Strongly real adjoint orbits of complex symplectic Lie group

TL;DR

This paper studies the properties of elements in the complex symplectic Lie algebra that are related to their negatives via symplectic group actions, introducing classifications for strongly real elements and skew-Hamiltonian matrices.

Contribution

It proves the existence of skew-involutions relating elements to their negatives and classifies strongly real elements and related matrices in the symplectic Lie algebra.

Findings

Existence of skew-involutions for all elements in the Lie algebra.

Classification of strongly real elements in the symplectic Lie algebra.

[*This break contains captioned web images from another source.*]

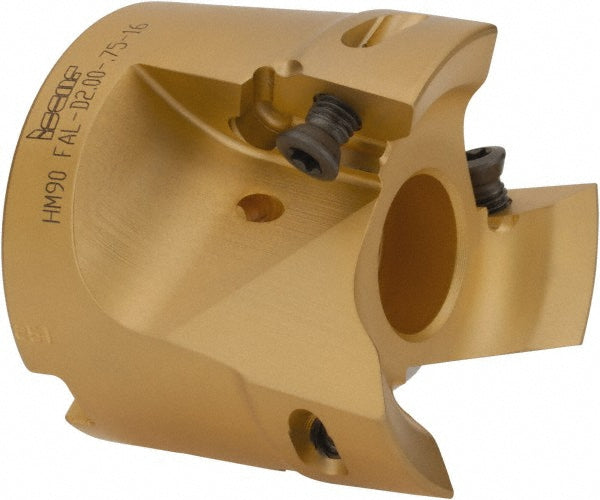 Iscar 3102769 2" Cut Dia, 3/4" Arbor Hole Dia, 0.622" Max Depth, Indexable Square-Shoulder Face Mill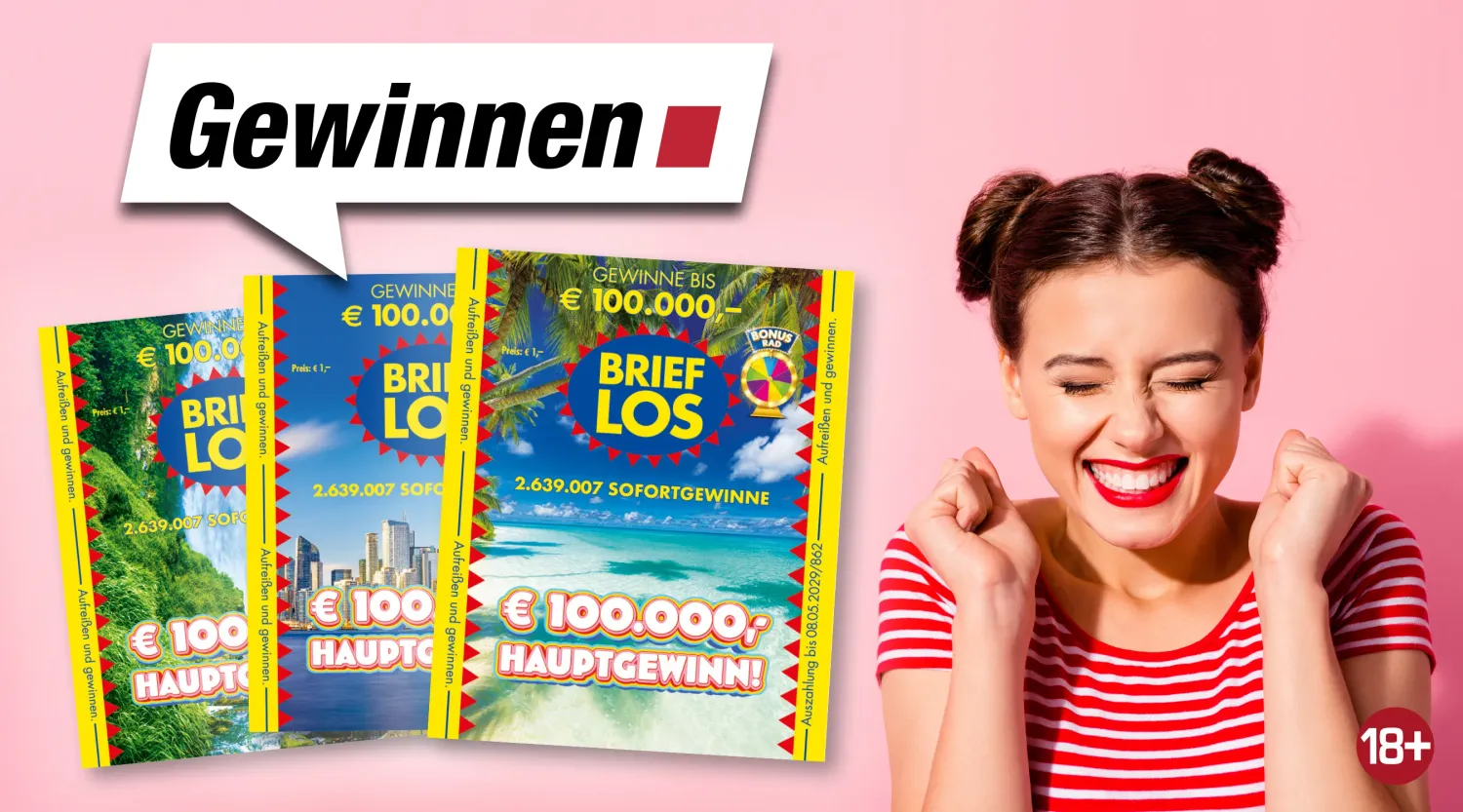 Heute.at - Brieflos bringt bis zu 100.000 Euro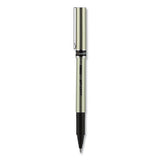 Deluxe Stick Roller Ball Pen, Fine 0.7 Mm, Black Ink, Champagne Barrel, Dozen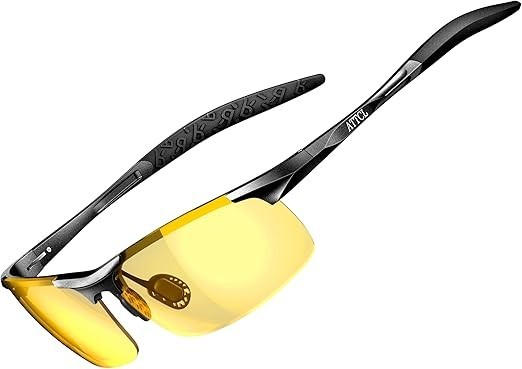 ATTCL Polarized Sunglasses Men Sports: UV Protection Anti Glare Night Driving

Characterization of skew-Hamiltonian matrices similar to their negatives.

Abstract

We consider the adjoint action of the symplectic Lie group $\mathrm{Sp}(2n,\mathbb{C})$ on its Lie algebra $\mathfrak{sp}(2n,\mathbb{C})$. An element $X \in \mathfrak{sp}(2n,\mathbb{C})$ is called $\mathrm{Ad}_{\mathrm{Sp}(2n,\mathbb{C})}$-real if $ -X = \mathrm{Ad}(g)X$ for some $g \in \mathrm{Sp}(2n,\mathbb{C})$. Moreover, if $ -X = \mathrm{Ad}(h)X $ for some involution $h \in \mathrm{Sp}(2n,\mathbb{C})$, then $X \in \mathfrak{sp}(2n,\mathbb{C})$ is called strongly $\mathrm{Ad}_{\mathrm{Sp}(2n,\mathbb{C})}$-real. In this paper, we prove that for every element $X \in \mathfrak{sp}(2n,\mathbb{C})$, there exists a skew-involution $g \in \mathrm{Sp}(2n,\mathbb{C})$ such that $-X =\mathrm{Ad}(g)X$. Furthermore, we classify the strongly $\mathrm{Ad}_{\mathrm{Sp}(2n,\mathbb{C})}$-real elements in $\mathfrak{sp}(2n,\mathbb{C})$. We also classify skew-Hamiltonian matrices that are similar to their negatives via a symplectic involution.